RECORDED INFORMATION:
☆ ☆ ☆ ☆ ☆

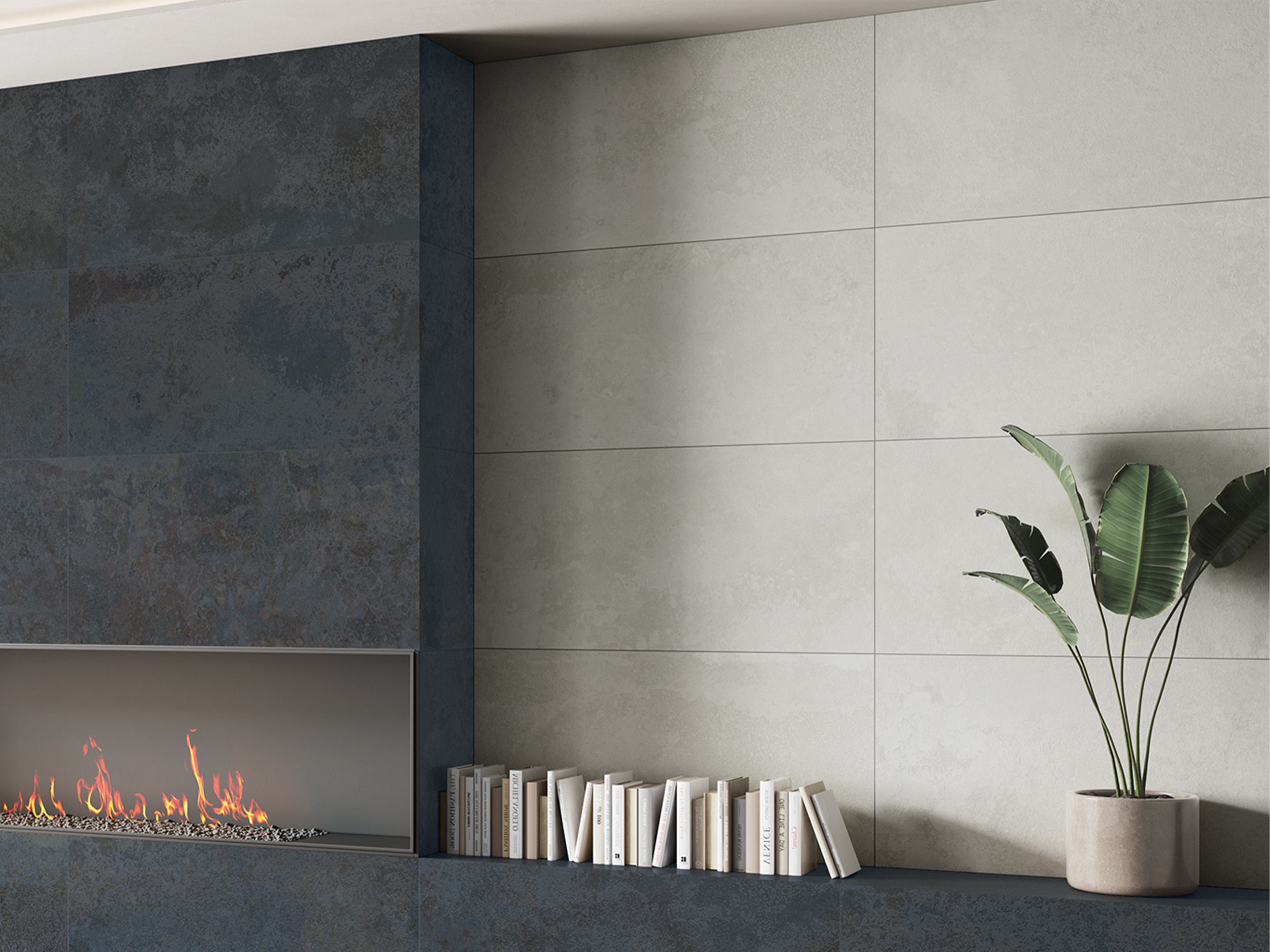 Pantheon Tile | Pantheon Tile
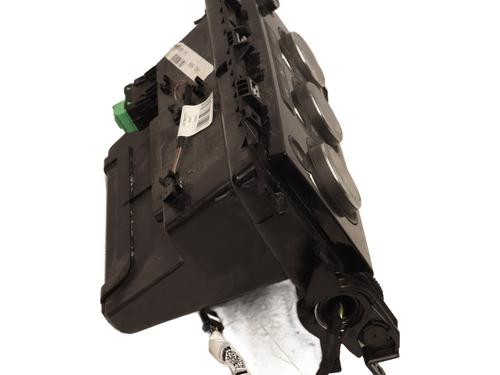 Climate control LAND ROVER DISCOVERY V (L462) 3.0 SCV6 4x4 | BP24253946I5 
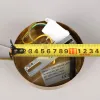 Подвесной светильник APLOYT RENA APL.602.16.01 APL.602.16.01 - 6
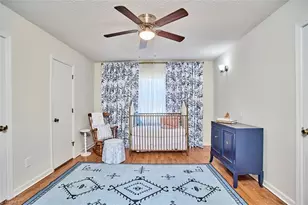 2131 Dave St, Winston-Salem, NC 27127 - Photo 27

☆ ☆ ☆ ☆ ☆

WORK TASK: All of the material above should be reproduced exactly, except the pictures.

ANSWER TO THIS PROBLEM:
 Pantheon Tile | Pantheon Tile
 Climate control LAND ROVER DISCOVERY V (L462) 3.0 SCV6 4x4 | BP24253946I5 
 Подвесной светильник APLOYT RENA APL.602.16.01 APL.602.16.01 - 6
 2131 Dave St, Winston-Salem, NC 27127 - Photo 27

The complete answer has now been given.